Research Project FA9550-19-1-0020
Recent years have witnessed a profound transformation in the use of intelligent technology in our daily lives. This technology is now an ubiquitous reality that provides us with personal assistants deployed in several platforms, ranging from small devices, such as smart phones, smart watches and smart speakers, to domestic robots, such as Roomba and Pepper.
As the number of robots continues to increase, we expect to see robots interacting more and more with a variety of other robots and humans. In many of these interactions, the robots may share the same goal and consequently cooperate to achieve that goal. However, many robots may not have coordination and standard communication protocols, because they have been designed by different developers and at different times.

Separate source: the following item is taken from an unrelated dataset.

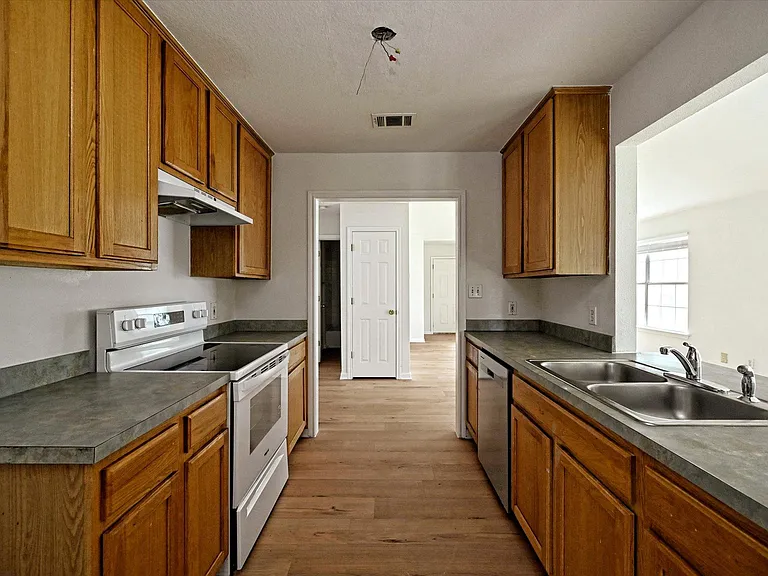 108 N Mockingbird Cir — Photo 9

Hence, robots have to observe the teammates, reason about their strategy and act in order to achieve the common goal.
This area of research is called ad hoc teamwork and is focused on building learning agents, such as softbots or robots, that engage in cooperative tasks with other unknown agents. The agent must effectively coordinate with the other agents towards completion of the intended task, not relying on any predefined coordination strategy. In this project, we focus on the challenging goal of ad hoc teams of humans and robots. The project aims to go beyond the typical “master-slave” and “one-robot-one-human” type of interaction, pushing step changes in the current state-of-the-art in terms of human-robot interactions.

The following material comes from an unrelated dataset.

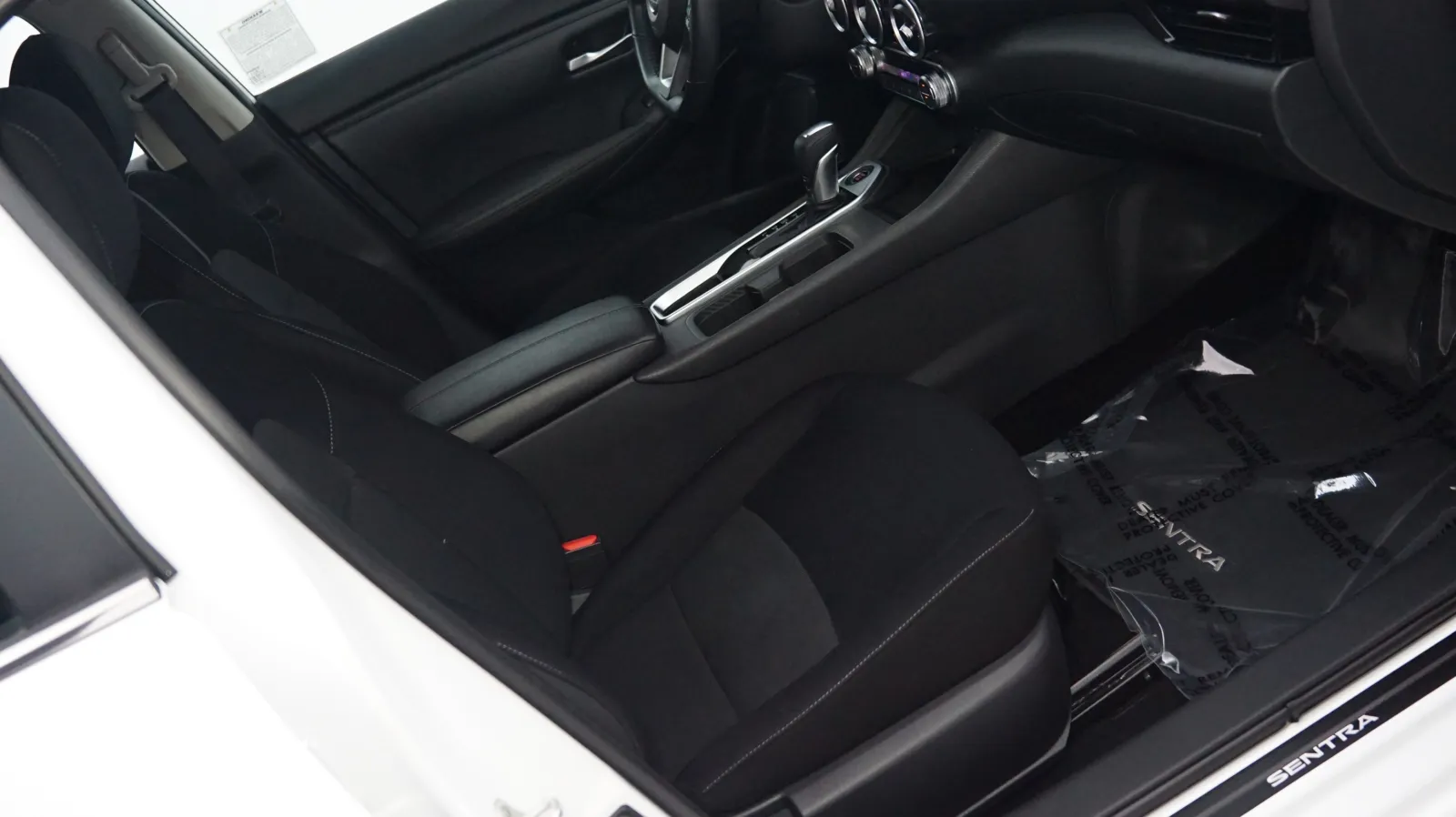 More photos of 2021 Nissan Sentra SV at Auto City, CA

The two main project goals are to explore the scientific and technological challenges involved in:
Developing human-robot ad hoc teams. We will test the developed technology in the context of a physical game involving humans and robots in order to investigate how to extend ad hoc teamwork methods and multi-agent planning under uncertainty to cooperative scenarios involving human and robot agents.
Developing robust forms of natural interaction, including natural language interactions, and how contextual and environment information, collected by a sensor network, can improve the interaction between robot and human agents during joint collaborative tasks involving activities in a physical environment.
The project is a collaboration between INESC-ID and PUC-Rio.